Work request: Find the lines of the listing that contain the string "winter", and return them.

Records provided:
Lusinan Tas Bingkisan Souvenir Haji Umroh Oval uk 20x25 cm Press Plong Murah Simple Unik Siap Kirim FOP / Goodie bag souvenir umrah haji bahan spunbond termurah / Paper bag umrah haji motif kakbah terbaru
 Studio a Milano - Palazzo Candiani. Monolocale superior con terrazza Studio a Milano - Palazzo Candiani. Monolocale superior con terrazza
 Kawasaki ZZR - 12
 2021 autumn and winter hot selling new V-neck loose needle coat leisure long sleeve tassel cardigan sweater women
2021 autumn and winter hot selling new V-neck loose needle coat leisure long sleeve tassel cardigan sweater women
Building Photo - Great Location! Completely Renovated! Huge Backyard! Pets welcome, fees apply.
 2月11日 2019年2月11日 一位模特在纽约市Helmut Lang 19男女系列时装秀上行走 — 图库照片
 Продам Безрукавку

Solution:
 2021 autumn and winter hot selling new V-neck loose needle coat leisure long sleeve tassel cardigan sweater women
2021 autumn and winter hot selling new V-neck loose needle coat leisure long sleeve tassel cardigan sweater women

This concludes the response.